Listen up, parents: Pipe down and enjoy season
“Some people think football is a matter of life and death. I can assure them it’s much more serious than that.”
~Bill Shankly, former Britain football manager
You hear them all the time, those tall tales and horror stories about how much small-town communities love their football programs, and how that love can transform into such hate, such vitriol, such stupidity.
Although it might sound like it, Bill Shankly wasn’t talking about American football when he compared soccer to a more treacherous scenario. As Warriors football looms large, keep that in mind. Not that I expect everybody to listen. By now, some of you have probably disposed of the paper.
So then, before we go any further today, I’d like to start with a moment of silence for all the current and former New Mexico high school head football coaches out there …
Thank you. I hope first-year coach Louie Laborin is prepared, and I’m not talking about for the game. Nope, that, quite honestly, might just be the least of his concerns. The Warriors went 7-5 last year, before bowing out to Academy in the quarterfinals, and if you read the season-opening piece in the paper, you understand that tradition never graduates. Fortunately for football coaches, kids do, and with them take their nut-job parents to crawl up another coach’s — well, I’ll stop right
Longtime coach-turned-AD Damien Ocampo understands that the season doesn’t just bring wins and losses. It brings out foaming-at-the-mouth parents and those Sunday-morning quarterbacks (including yours truly), jilted because their kid isn’t getting enough playing time, or because coach went for it on fourth-and-1 and didn’t convert.

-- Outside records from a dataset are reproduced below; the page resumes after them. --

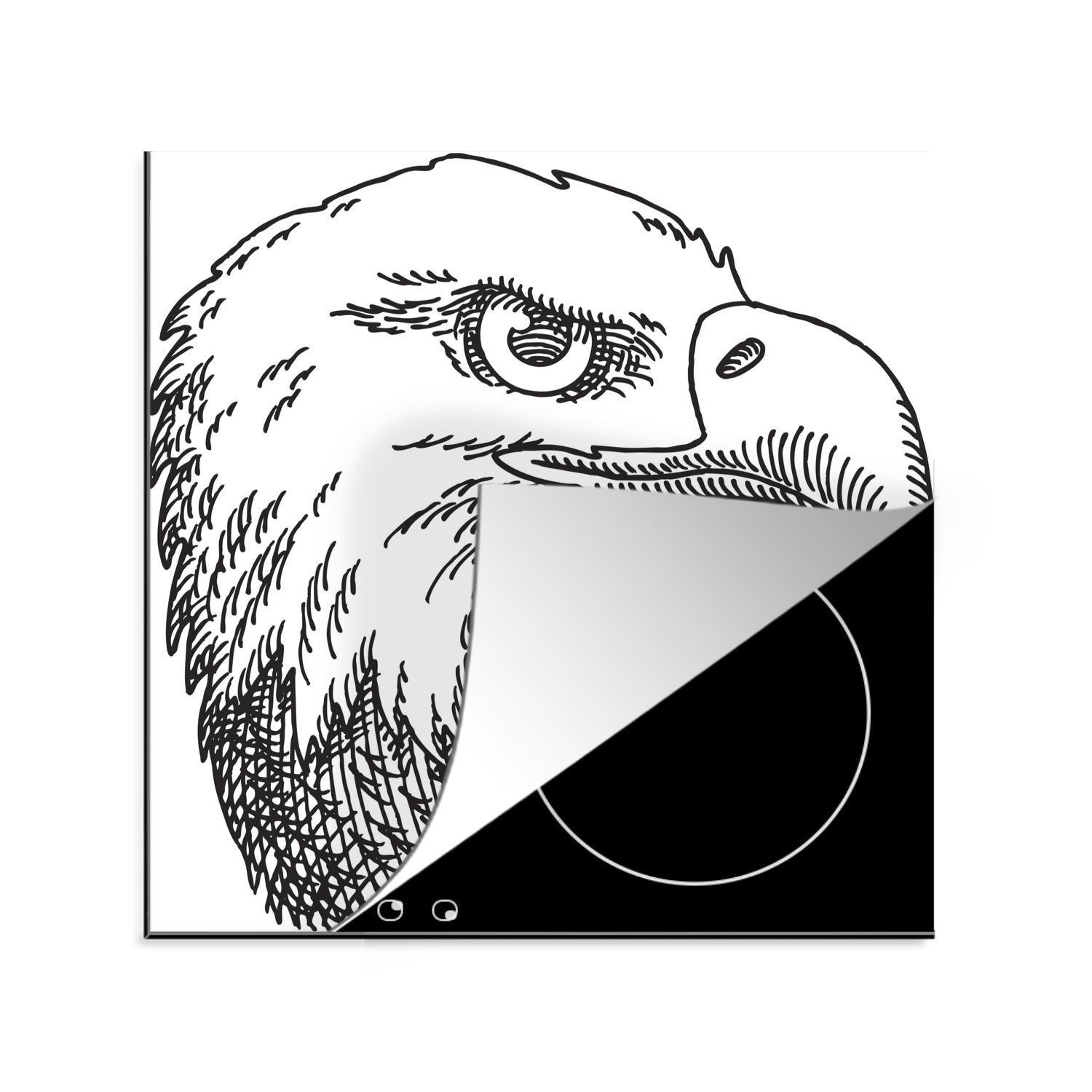 MuchoWow Herdblende-/Abdeckplatte Schwarz-Weiß-Abbildung des Kopfes eines Weißkopfseeadlers, Vinyl, (1 tlg), 78x78 cm, Ceranfeldabdeckung, Arbeitsplatte für küche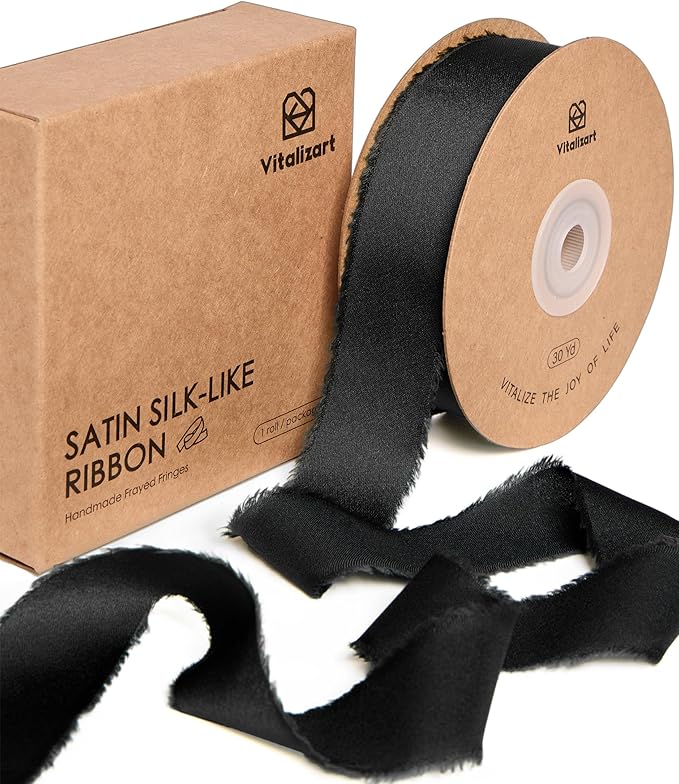 Vitalizart Silk Like Satin Ribbon 1 inch x 30 Yard Black Handmade Frayed Ribbons by Vitalizart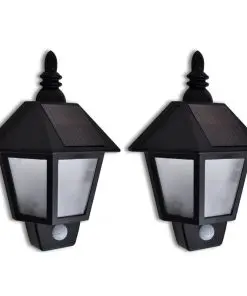 vidaXL Solar Wall Lamp with Motion Sensor 2 pcs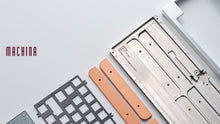 Load image into Gallery viewer, Keyboard components on a light gray background with 'MACHINA' branding.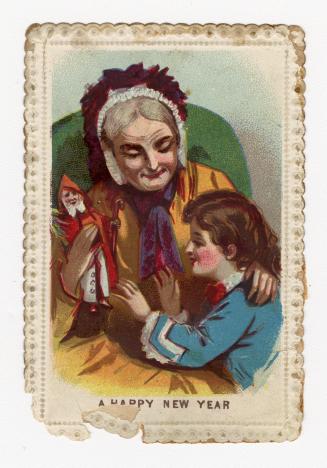 The card pictures a child and an elderly woman sitting together. The woman is holding a toy dol…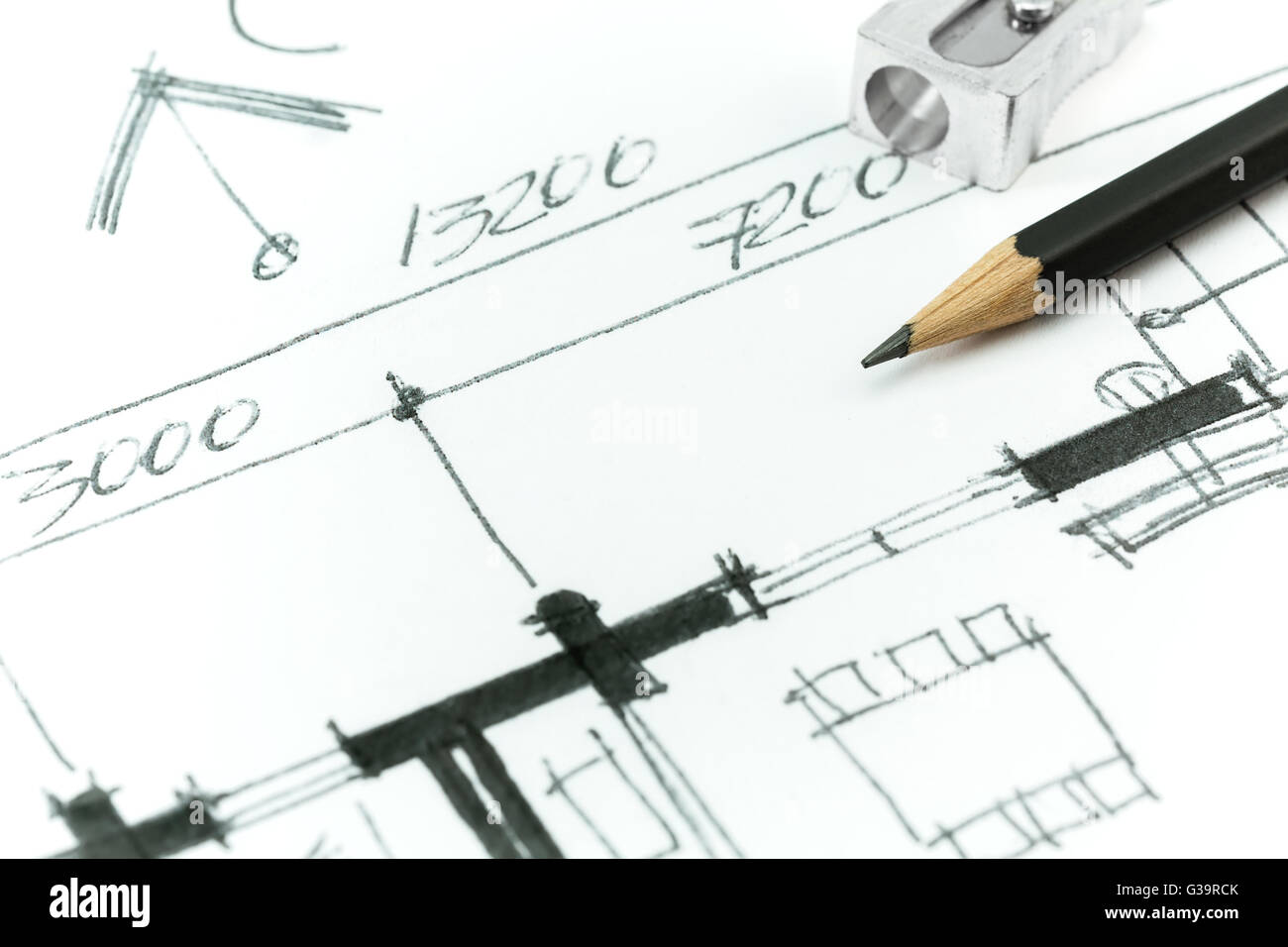 Graphical sketch by pencil of house plan. Hand drawing Stock Photo - Alamy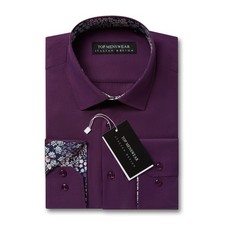 Hommes Violet Oxford Chemise Smart Décontracté Habillé Floral Col Contraste Et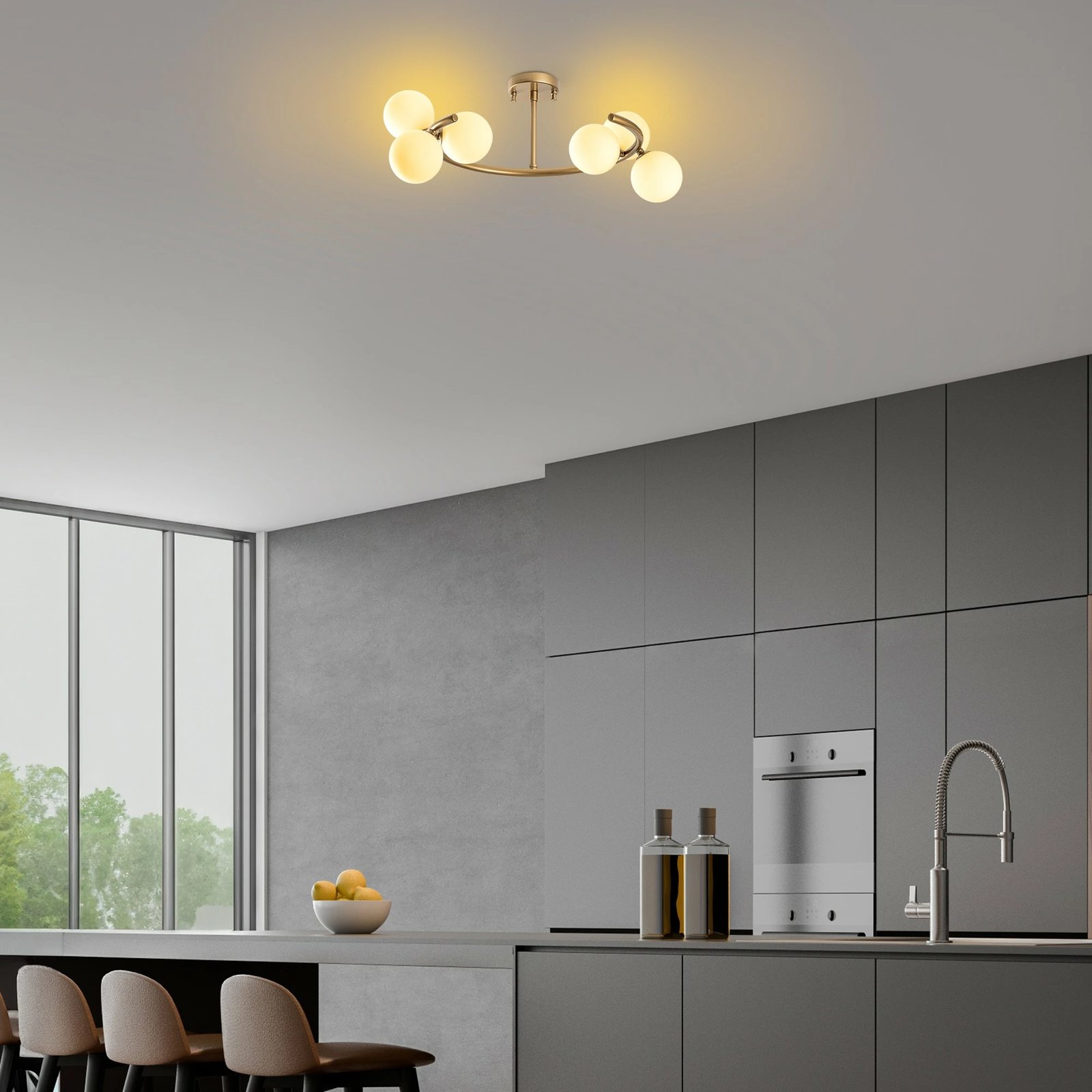 Llambë tavani Opviq, Luminar - 14141, ngjyrë ari, 55x50x30cm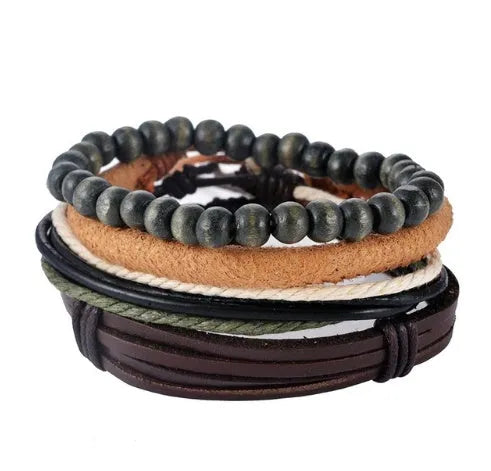 Hand-woven brown leather wrap bracelet with wooden beads on a 6cm adjustable band.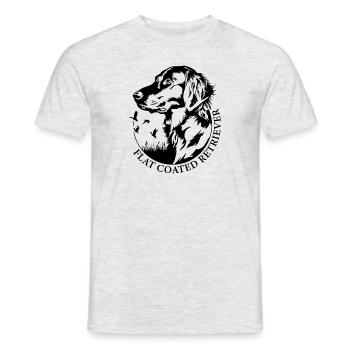 Retriever à poil plat Portrait chien Chien Wilsigns - T-shirt homme - gris chiné - Devant - AI Model Male 178 dark (178cm)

“You’ve got a couple thousand people at the games, and if you win the game, you’re probably pretty popular and if you lose the game, you’re probably not very popular, especially in a small town where you’re under the microscope because the town shuts down to watch you play,” Ocampo said during a recent interview at his office. “You only have five times every year to show what you’re putting out on the field in front of the community. I can promise you after every game that we won when I was a coach, I had parents upset with me after the game. They came up to me and were either upset about playing time or maybe a choice I made … And after every game we lost, I had parents mad at me because we lost. It’s everywhere. It’s every small town.”
Doesn’t mean it has to be you, Socorro. What Ocampo described was likely a tamed, expletive-free version of what he actually encountered.
My question to you, Socorroans: Why does that have to be a part of high school athletics? Parents, I’m not saying leave your passion at the turnstile. Come. Bring it. Paint your faces. Bring the posters. Chant until your lungs are sore. All that rah-rah is as much a part of the game as anything else. The other dubious misbehavior — the yelling, cursing and acting like a bunch of silverback gorillas that just got released from their cages? Not so much. After all, you’re parents. Act like it.
Take it from a 22-year-old kid, who at one time, played high school athletics: All you’re doing is embarrassing your child. I was one of the lucky ones. Whenever my parents came to games, they remained where they belonged — in the stands. My dad never came down on the field or the court to physically challenge the coach. My mom never went to PTA meetings to cajole and smooch with the boosters at Cibola High School. Sure, it meant that I rode the pine, but I’m a better person for it. If not, I might have neglected to turn down the writing avenue.
As parents, you have been entrusted a duty to be responsible. Don’t be that yahoo who has to be escorted from the field by security, or God forbid, held back by your more level-headed son. A reminder from your friendly neighborhood sports writer: Socorro probably won’t win all its games. Prepare yourself for that loss whenever it comes. Don’t blame the coaches. Don’t blame the kids. Nothing could be more juvenile.
Yes, you might live in a small town, but remember, the way to go big is not to get sent home or to the principal’s office.
As a teenager, your kid already probably can’t stand the sight of you. Don’t give him any more reasons to hate you.